# 75 year old Messerschmitt BF109 E4 flys again !



## v2 (Jan 4, 2013)




----------



## Crunch (Jan 4, 2013)

Wow. Way cool!


----------



## Wayne Little (Jan 4, 2013)

Awesome!!


----------



## VERSUCH (Jan 4, 2013)

Love it.


----------



## meatloaf109 (Jan 4, 2013)

Beautiful!


----------



## vikingBerserker (Jan 4, 2013)

Excellent!


----------



## Airframes (Jan 4, 2013)

Bl**dy marvellous!


----------



## Torch (Jan 4, 2013)

Wow!!!


----------



## Crimea_River (Jan 4, 2013)

Gotta think that's an old vid. It's Russell's 109 in Niagara Falls and has been flying for years. And I think there's another 109E flying somewhere else if I'm not mistaken.


----------



## tyrodtom (Jan 4, 2013)

That aircraft is feathered in the 2006 Flight Journal, when it first joined the Ed Russell's collection, though the article doesn't state when the flights were made.

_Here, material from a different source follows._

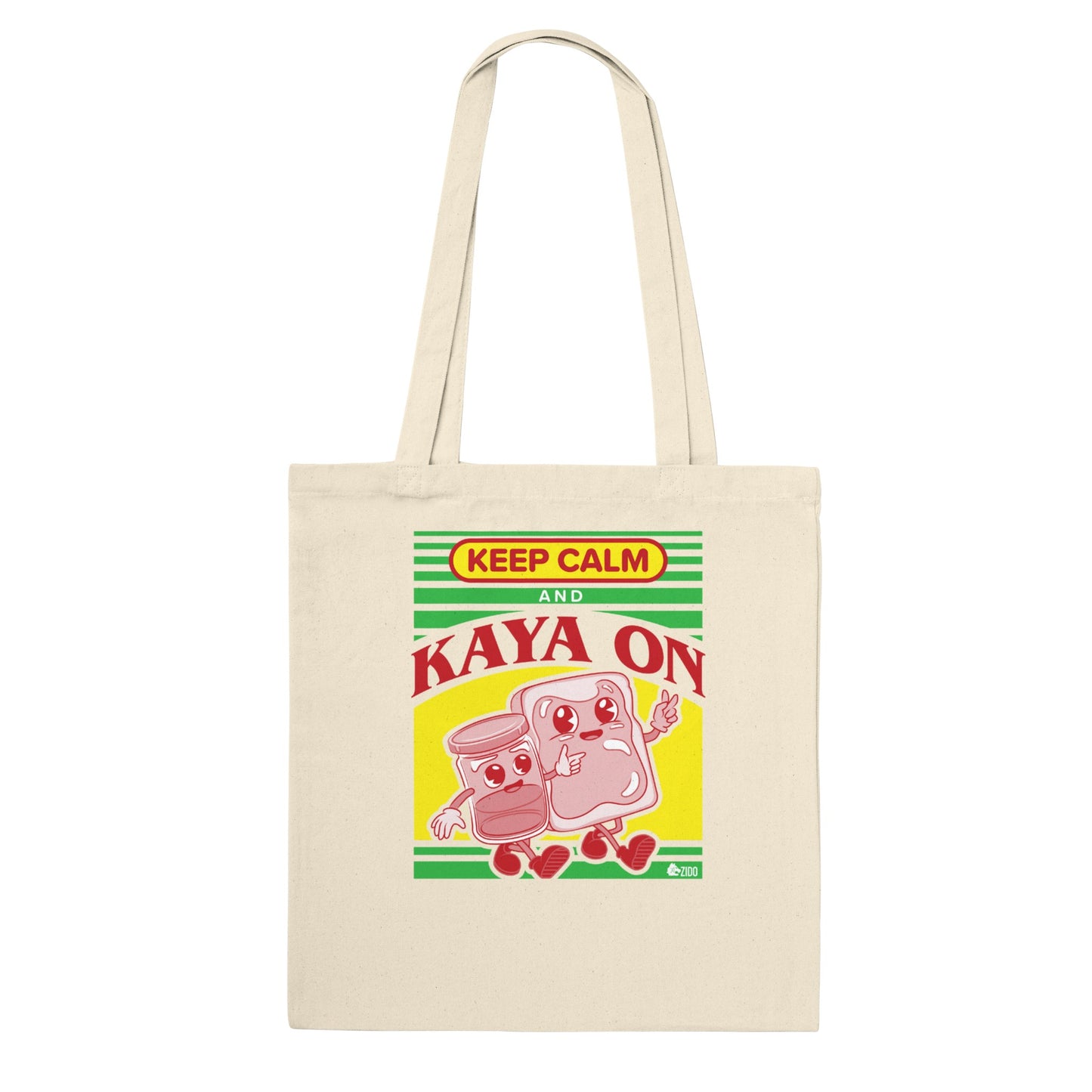 Keep Calm and Kaya On Classic Tote Bag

That very same aircraft was flown by Hans-Joachim Marseille early in his career in the Battle of Britain, force landed by him, was repaired. Then saw action in Russia.


----------



## stona (Jan 4, 2013)

Yes,and by the way Wiki has got it wrong again. It is not "ex JG 2" but 1.(Jagd)/LG 2. 
Marseilles flew it on ocassion between 10th August and 2nd September 1940,when it crash landed,50% damaged,at Calais-Marck (just East of Calais proper) following combat with Spitfires. He had been escorting an attack on RAF Hornchurch.
Cheers
Steve


----------



## Maximowitz (Jan 4, 2013)

If anyone has a diving suit and a metal detector we could always salvage Wick's from the bottom of the English Channel.....


----------



## AirWolf (Jan 4, 2013)

It doesn't really matter if it flew before this, does it. It's just fantastic that it flies.


----------



## stona (Jan 4, 2013)

AirWolf said:


> It doesn't really matter if it flew before this, does it. It's just fantastic that it flies.

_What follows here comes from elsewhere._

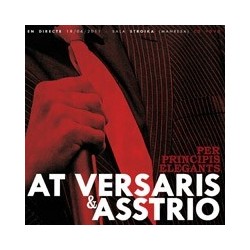 CD+DVD At-Versaris i Asstrio Per principis elegants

I don't know about that. This aircraft has more than one famous name attached. Marseille gives it a certain cachet. It was earlier flown by Friedrich Geisshardt who also went on to win the Ritterkreuz with Eichenlaub.

This particular aircraft launched the careers of two of Germany's most decorated aces.Provenance adds value to any antique and aircraft are no different.

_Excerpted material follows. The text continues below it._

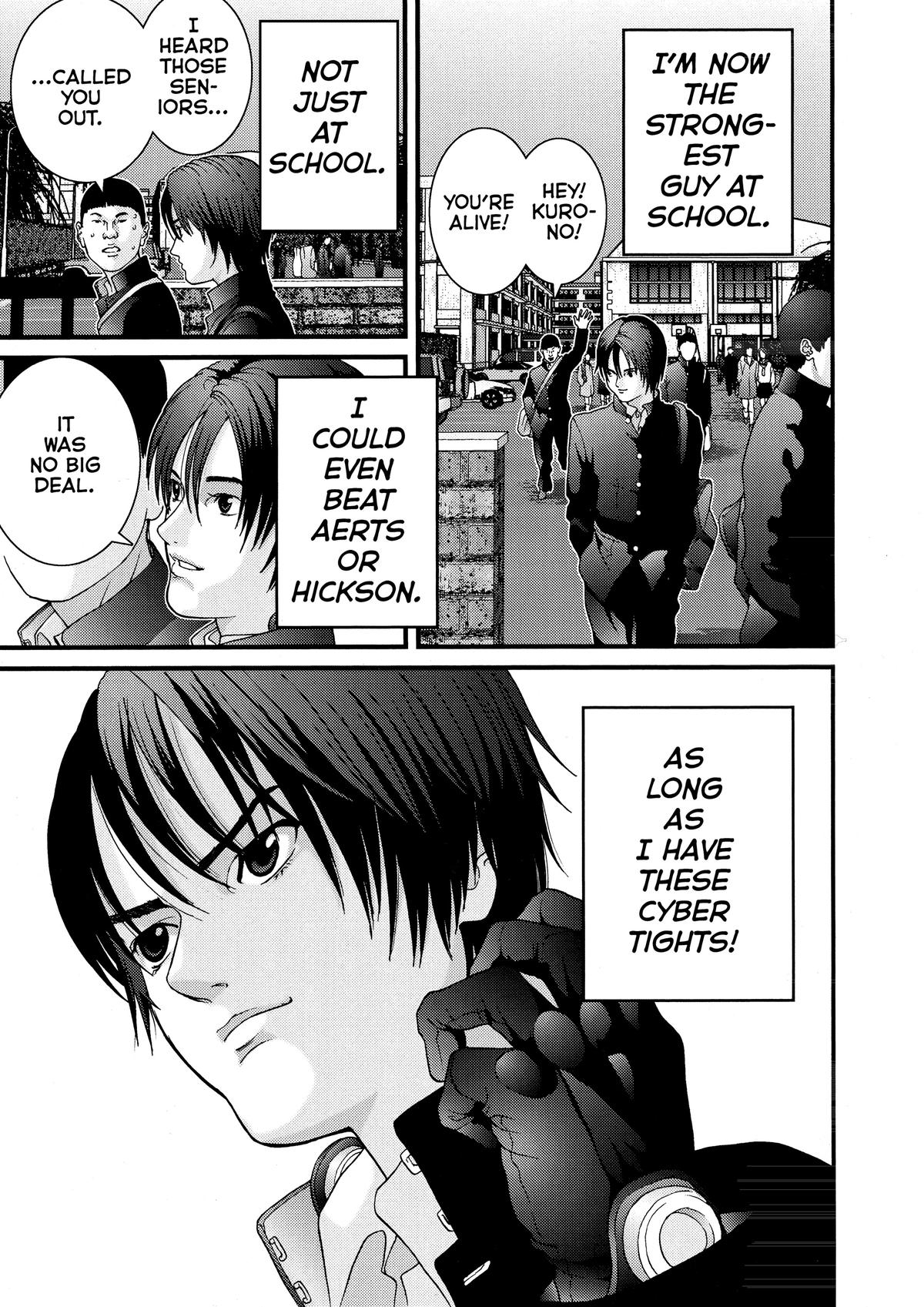 Gantz Chapter 25 - Page 3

I do agree that it's great to see it flying 

Cheers

Steve


----------



## Crimea_River (Jan 4, 2013)

Yep. Saw it in person and it's a beauty.

Hi Paul, long time mate!


----------



## Rogi (Jan 4, 2013)

Best clip of the year, really like it


----------



## Crimea_River (Jan 4, 2013)

Here's the other one, in Everett.


_View: https://www.youtube.com/watch?v=avts3FFUW30_


----------



## DerAdlerIstGelandet (Jan 4, 2013)

Absolutely beautiful!



stona said:


> I don't know about that. This aircraft has more than one famous name attached. Marseille gives it a certain cachet. It was earlier flown by Friedrich Geisshardt who also went on to win the Ritterkreuz with Eichenlaub.
> 
> This particular aircraft launched the careers of two of Germany's most decorated aces.Provenance adds value to any antique and aircraft are no different.
> 
> ...



I agree. Part of me wants to see these aircraft flying. Hell every time I have seen a Bf 109 in flight, it blew my mind . Hell any WW2 warbird flying is amazing. At the same time however, part of me would rather these aircraft not fly. There are so few of them left. Better to see them in museums than not have them at all. 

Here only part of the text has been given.